Alan Duric presented a new audio payload format for iLBC Speech (draft-duric-rtp-ilbc-00.txt) along with an introduction to the "internet Low Bitrate Codec" itself. Additional details about the codec were presented by Soren Andersen. Global IP Sound has submitted an IPR statement to the IETF stating that the codec is "freeware", and the IETF is being asked to standardize this codec because it is not being considered by the other organizations that usually standardize codecs and because it is specifically targeted for packet networks. Each packet is decoded without error propagation from previous packets, and as a result the codec is claimed to provide better robustness to packet loss (higher MOS scores) than the ITU-standard codecs G.729 or G.723. Results of third-party MOS testing including loss according to actual network loss patterns will also be submitted in the future. At this point the payload format for iLBC is minimal (N integral frames with no payload header), but changes are planned to include unequal error protection sorting of the frames and this will make it more complicated. Work is also in progress to reduce the frame size from 53 to 52 octets. In addition to the RTP format, the draft specifies a storage format is consisting simply of a magic number followed by a sequence of speech frames. The codec itself is specified in draft-andersen-ilbc-00.txt which stretches to 203 pages because it includes source code for a full reference implementation. See also Do any AVT participants have concerns about IETF standardizing a codec, or about AVT providing being the working group home for it? Or, any suggestions about how codec spec, and possibly the reference implementation, should best be published? In times past, the IESG insisted that we should not standardize codecs. However, now we have AD input that supporting a freeware, Internet-oriented codec is a worthwhile motivation for IETF to consider standardizing it. Henry Sinnreich commented that he had used this codec several times over a five-network path between the US and Sweden with excellent results. Those present hummed yes for taking on iLBC as a working group item.

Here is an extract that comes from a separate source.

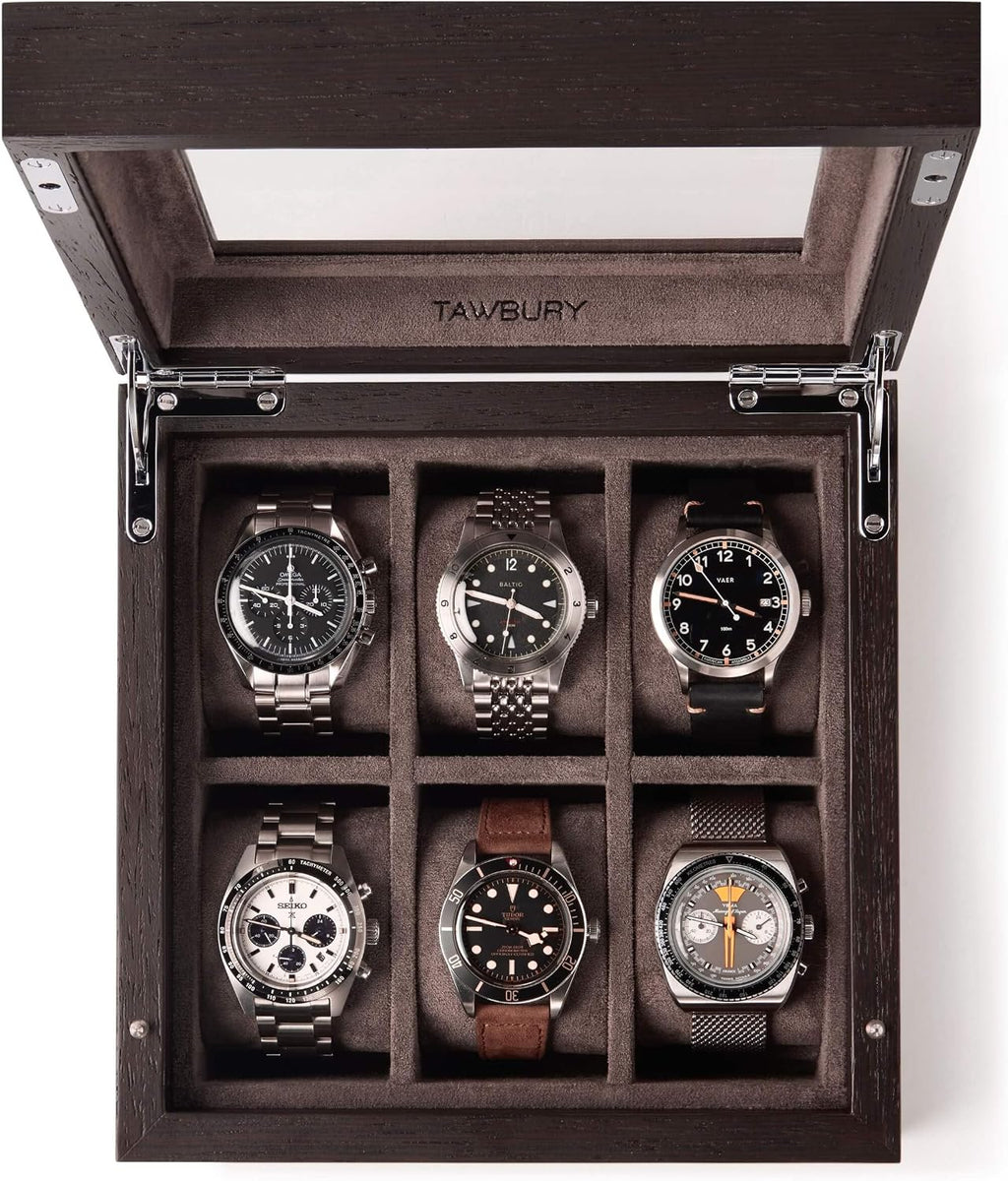 TAWBURY Wooden Watch Box Organizer for Men – 6 Slot Watch Box for Men | Luxury Watch Case for Men | Wood Watch Box Unisex | Wood Glass Watch Box Case Organizer | Wooden Watch Boxes for Men 6 Slot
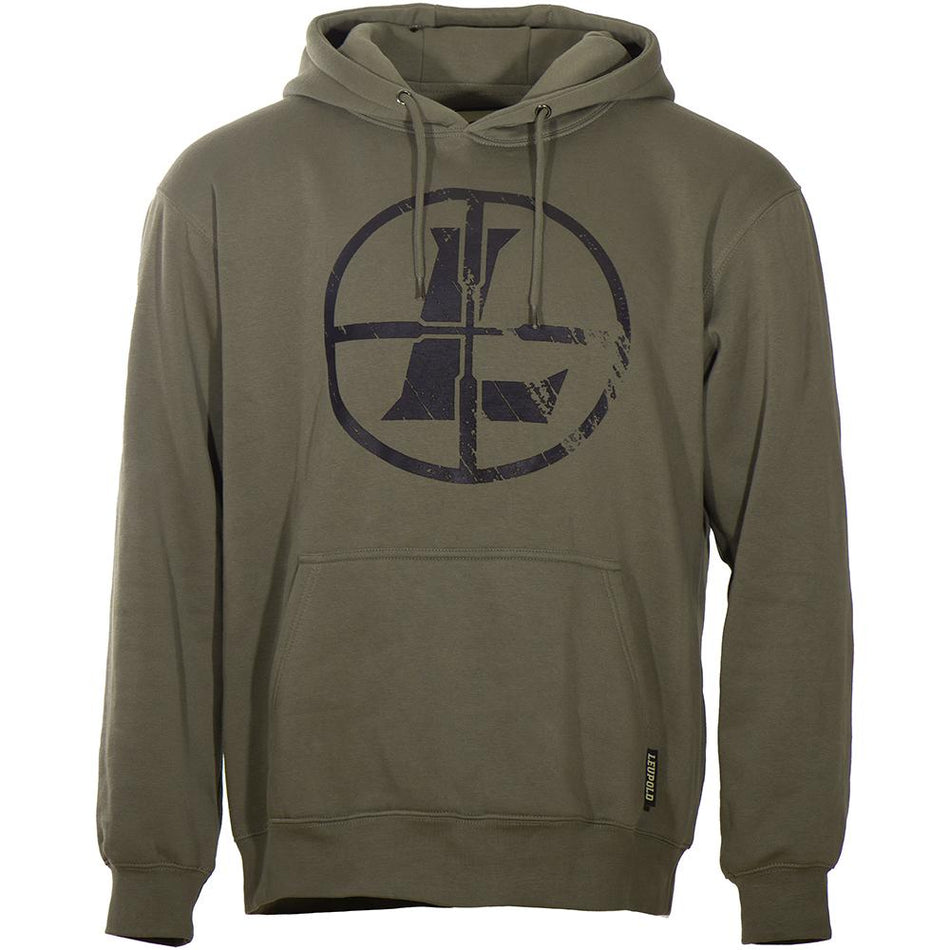 Leupold Distressed Reticle Midweight Sweatshirt Hoodie Ash Green Large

Payload Format for AC-3 Audio Streams

Jason Flaks presented an update on the payload format for AC-3 audio streams in draft-flaks-avt-rtp-ac3-01.txt with a few small changes. This revision removes the fragment counter from the payload header and adds a flag bit to indicate whether a timecode is contained within the frames in the packet to make them easier to find. Implementation is underway to verify the workability of the payload format. Most of the applications being considered are in closed environments rather than over the Internet at large. Some interesting new applications are being considered such as streaming to wireless speakers using 802.11. Jason asked about including in the header an indication of the channel format ontained in the packet. Colin Perkins asked if the channel-order specification in SDP would be sufficient. It might be necessary to add a 5.1 channel order. (This draft was accepted as a WG item after the last meeting, but was not renamed in this revision.)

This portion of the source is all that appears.